Big Data like Cloud Computing is going to be one of those phrases which like a bar of soap is hard to grasp and get hold of; the firmer the hold you feel you have on the definition, the more likely you are to be wrong. The thing about Big Data is that it does not have to be big; the storage vendors want you to think that it is all about size but it isn’t necessarily.
Many people reading this blog might think that I am extremely comfortable with Big Data; hey, it’s part of my day-to-day work isn’t it? Dealing with large HD files, that’s Big Data isn’t it? Well, they are certainly large but are they Big Data. The answer could be yes but the answer generally today is no. As I say Big Data is not about size or general bigness.
But if it’s not big, what is Big Data? Okay in my mind, Big Data is about data-points and analysing these data-points to produce some kind of meaningful information; in my mind, I have a little mantra which I repeat to myself when thinking about Big Data; ‘Big Data becomes Little Information’.
The number of data-points that we now collect about an interaction of some sort is huge; we are massively increasing the resolution of data collection for pretty much interaction we make. Retail web-sites can analyse your whole path through a web-site; not just the clicks you make but the time you hover over a particular option, this results in hundreds of data-points per visit and these data-points are individually quite small and actually collectively may result in a relatively small data-set.

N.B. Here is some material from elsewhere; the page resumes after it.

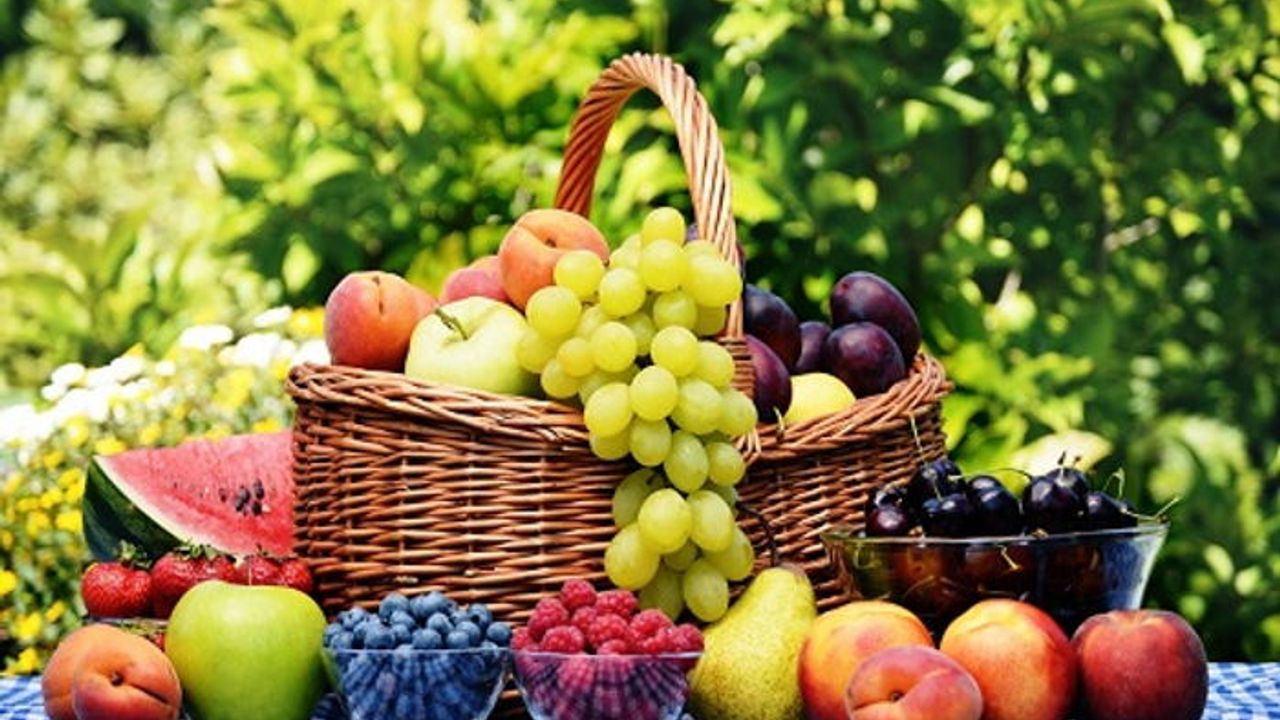 Yazın serinleten meyveler doğru tüketilmezse zehirleyebilir!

Take a social media web-site like Twitter for example; a tweet being a 140 characters, so even if we allow a 50% overhead for other information about the tweet, it could be stored in 210 bytes and I suspect possibly even less; a billion tweets (an American billion) would take up about 200 Gigabytes by my calculations. But to process these data-points into useful information will need something considerably more powerful than a 200 Gigabyte disk.
A soccer match for instance could be analysed in a lot more detail than it is at the moment and could generate Big Data; so those HD files that we are storing could be used to produce Big Data to then produce Little Information. The Big Data will probably be much smaller than the original Data-set and the resulting information will almost certainly be much smaller.
And then of course there is everyone’s favourite Big Data; the Large Hadron Collider, now that certainly does produce Big Big Data but let’s be honest, there aren’t that many Large Hadron Colliders out there. Actually a couple of years ago; I attended a talk by one of the scientists involved with the LHC and CERN all about their data storage strategies and some of things they do. Let me tell you, they do some insane things including writing bespoke tape-drivers to use the redundant tracks on some tape formats and he also admitted that they could probably get away with loosing nearly of their data and still derive useful results.
That latter point may actually be true of much of the Big Data out there and that is going to be something interesting to deal with; your Big Data is important but not that important.
So I think the biggest point to consider about Big Data is that it doesn’t have to be large but it’s probably different to anything you’ve dealt with so far.